The University of Bristol defends decision to screen World Cup matches amid controversy

Uni to offer ‘charitable donations’ to LGBTQ+ Foundations or Amnesty International as justification for the decision

Amid the controversy surrounding this year’s World Cup, Bristol University has decided to screen the games on campus in the Balloon Bar.

We asked the university and the SU to comment on the decision to publicly screen the tournament.

The current 2022 FIFA World Cup held in Qatar has attracted controversy due to issues surrounding the rights of migrant workers, women and members of the LGBTQ+ community.

In February 2021, The Guardian revealed that 6,500 migrant workers have died in Qatar since the country won the contest to host this year’s world cup in 2010. Just in the last month the Qatar FIFA World Cup ambassador Khalid Salman described homosexuality as, “damage in the mind”.

It is only in the recent weeks leading up to the tournament that the controversy has gained widespread media attention, leading many people to question the morality of viewing the matches.

The Ballon Bar is screening each match live through projectors and TVs. The screenings are fully equipped with audio too, meaning the games take the centre stage.

The Balloon Bar in the SU is intended to be safe and inclusive place for all students so some have called into question the university’s decision to screen matches here.

A University of Bristol spokesperson said: “We’ve carefully considered the issues surrounding showing the FIFA World Cup and decided to screen the matches to give students that want to watch the tournament an opportunity to do so in a safe and inclusive space.

“In coming to this decision we sought the opinions of other universities on how to appropriately balance both the wants of our customers and the general feelings some have around Qatar and its hosting of this global sporting event.

“In addition we are discussing how we can support some of the communities affected by the issues in Qatar by offering charitable donations to LGBTQ+ foundations or Amnesty International.”

Lucy Matthews, Bristol SU’s current Sport and Student Development Officer and previous Club Captain of University of Bristol Women’s Football said:

“I believe that sport should bring people together. And when it doesn’t, it’s time to call it out. The World Cup has been a source of controversy. Personally I’ve found the politics surrounding it really difficult, particularly as a gay woman and a huge football fan and I know other students will feel the same.
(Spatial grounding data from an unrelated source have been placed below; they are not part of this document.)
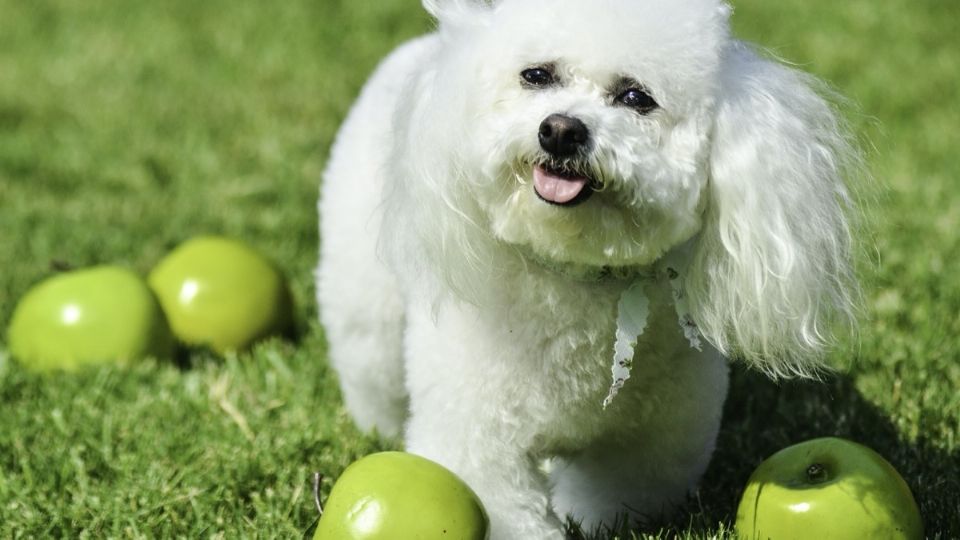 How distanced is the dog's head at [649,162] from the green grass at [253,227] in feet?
1.19

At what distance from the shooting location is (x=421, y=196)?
2.80 meters

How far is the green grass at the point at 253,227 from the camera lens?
3.21m

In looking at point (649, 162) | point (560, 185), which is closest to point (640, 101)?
point (649, 162)

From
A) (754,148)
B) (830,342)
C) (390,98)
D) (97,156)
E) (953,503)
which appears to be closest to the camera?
(754,148)

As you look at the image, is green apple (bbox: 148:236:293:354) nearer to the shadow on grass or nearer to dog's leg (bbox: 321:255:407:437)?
dog's leg (bbox: 321:255:407:437)

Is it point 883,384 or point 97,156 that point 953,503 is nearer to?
point 883,384

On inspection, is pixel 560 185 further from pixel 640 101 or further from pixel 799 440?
pixel 799 440

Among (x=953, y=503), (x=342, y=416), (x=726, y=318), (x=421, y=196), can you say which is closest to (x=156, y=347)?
(x=342, y=416)

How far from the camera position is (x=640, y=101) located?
2660 mm

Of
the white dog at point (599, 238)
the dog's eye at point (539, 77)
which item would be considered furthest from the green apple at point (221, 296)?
the dog's eye at point (539, 77)

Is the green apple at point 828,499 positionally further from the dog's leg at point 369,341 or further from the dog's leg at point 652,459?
the dog's leg at point 369,341

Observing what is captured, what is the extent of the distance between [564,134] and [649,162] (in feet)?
0.62

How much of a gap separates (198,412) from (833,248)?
74.3 inches

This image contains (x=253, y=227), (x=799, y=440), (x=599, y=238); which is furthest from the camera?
(x=253, y=227)
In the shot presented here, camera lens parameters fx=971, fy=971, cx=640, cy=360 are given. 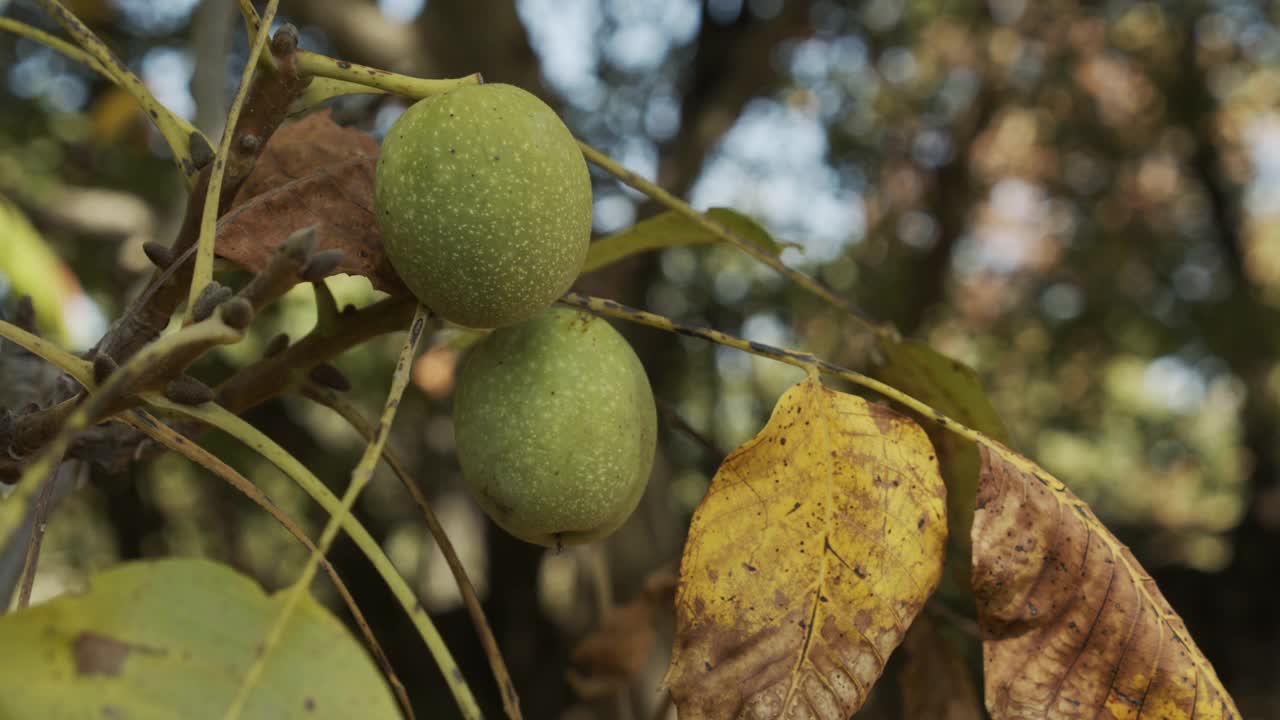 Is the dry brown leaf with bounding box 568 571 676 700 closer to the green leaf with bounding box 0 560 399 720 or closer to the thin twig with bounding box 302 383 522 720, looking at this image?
the thin twig with bounding box 302 383 522 720

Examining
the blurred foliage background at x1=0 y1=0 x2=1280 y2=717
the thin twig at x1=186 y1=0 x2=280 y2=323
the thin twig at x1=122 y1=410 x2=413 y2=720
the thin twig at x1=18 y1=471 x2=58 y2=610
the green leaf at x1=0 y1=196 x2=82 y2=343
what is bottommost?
the blurred foliage background at x1=0 y1=0 x2=1280 y2=717

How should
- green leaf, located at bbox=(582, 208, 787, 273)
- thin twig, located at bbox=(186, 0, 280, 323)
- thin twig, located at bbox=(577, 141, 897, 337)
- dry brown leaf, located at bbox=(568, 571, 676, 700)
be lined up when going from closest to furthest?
thin twig, located at bbox=(186, 0, 280, 323)
thin twig, located at bbox=(577, 141, 897, 337)
green leaf, located at bbox=(582, 208, 787, 273)
dry brown leaf, located at bbox=(568, 571, 676, 700)

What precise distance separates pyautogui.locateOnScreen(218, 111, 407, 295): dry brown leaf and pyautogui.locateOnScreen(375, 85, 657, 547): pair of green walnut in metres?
0.05

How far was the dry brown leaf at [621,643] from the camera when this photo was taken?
3.84 feet

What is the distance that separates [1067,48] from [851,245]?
1.61 m

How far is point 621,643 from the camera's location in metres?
1.18

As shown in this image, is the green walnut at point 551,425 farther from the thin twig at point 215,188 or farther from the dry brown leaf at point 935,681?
the dry brown leaf at point 935,681

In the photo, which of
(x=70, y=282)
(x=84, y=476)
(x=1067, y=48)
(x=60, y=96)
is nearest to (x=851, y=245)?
(x=1067, y=48)

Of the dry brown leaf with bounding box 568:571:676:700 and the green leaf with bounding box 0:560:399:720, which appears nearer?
the green leaf with bounding box 0:560:399:720

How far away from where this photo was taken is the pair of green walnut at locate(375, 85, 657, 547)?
628 millimetres

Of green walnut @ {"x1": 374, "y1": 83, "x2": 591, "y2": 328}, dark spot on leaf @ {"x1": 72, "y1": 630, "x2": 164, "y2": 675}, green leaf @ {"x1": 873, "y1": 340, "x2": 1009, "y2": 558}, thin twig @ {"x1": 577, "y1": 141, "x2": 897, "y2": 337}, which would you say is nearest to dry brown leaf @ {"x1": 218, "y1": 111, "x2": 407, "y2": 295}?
green walnut @ {"x1": 374, "y1": 83, "x2": 591, "y2": 328}

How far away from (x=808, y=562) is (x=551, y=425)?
206 mm

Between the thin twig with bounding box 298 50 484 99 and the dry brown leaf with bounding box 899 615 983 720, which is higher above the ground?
the thin twig with bounding box 298 50 484 99

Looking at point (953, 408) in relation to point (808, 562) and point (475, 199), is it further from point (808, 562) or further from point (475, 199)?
point (475, 199) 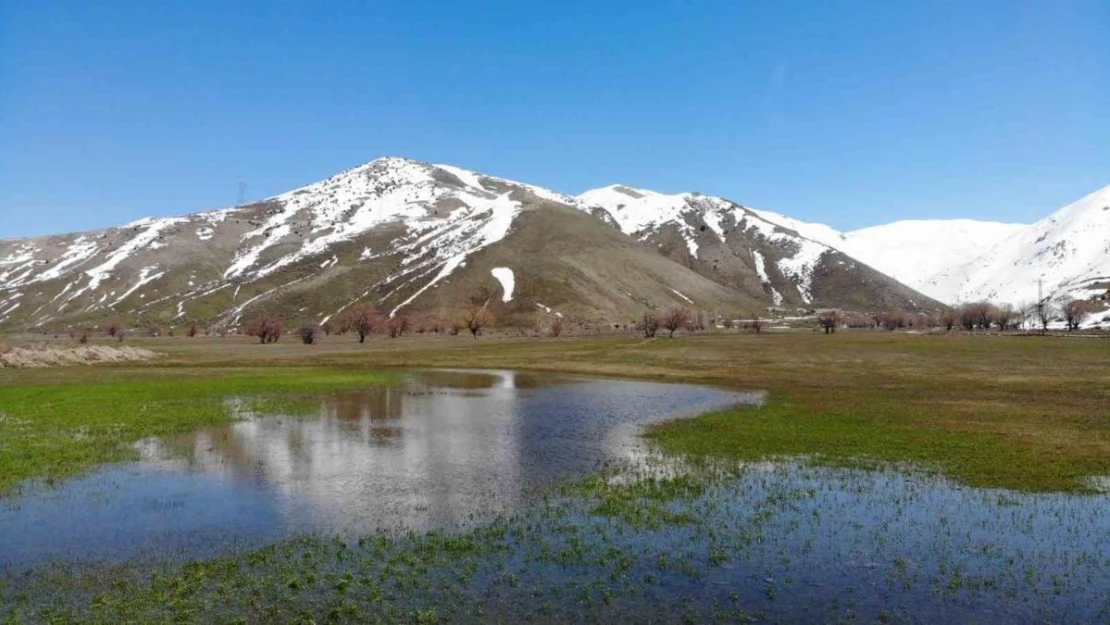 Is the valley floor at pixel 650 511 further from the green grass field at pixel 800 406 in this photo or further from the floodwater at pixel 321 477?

“As Bristol University is home to many international students it is a good thing to celebrate different communities and nationalities. We know a lot of our members will be wanting to watch their country compete and come together as a community to do that.

“We see the World Cup this year as an opportunity to come together, but also speak out against injustice which is why I am running an intramural sport rainbow campaign and will be hosting some charity fundraisers.”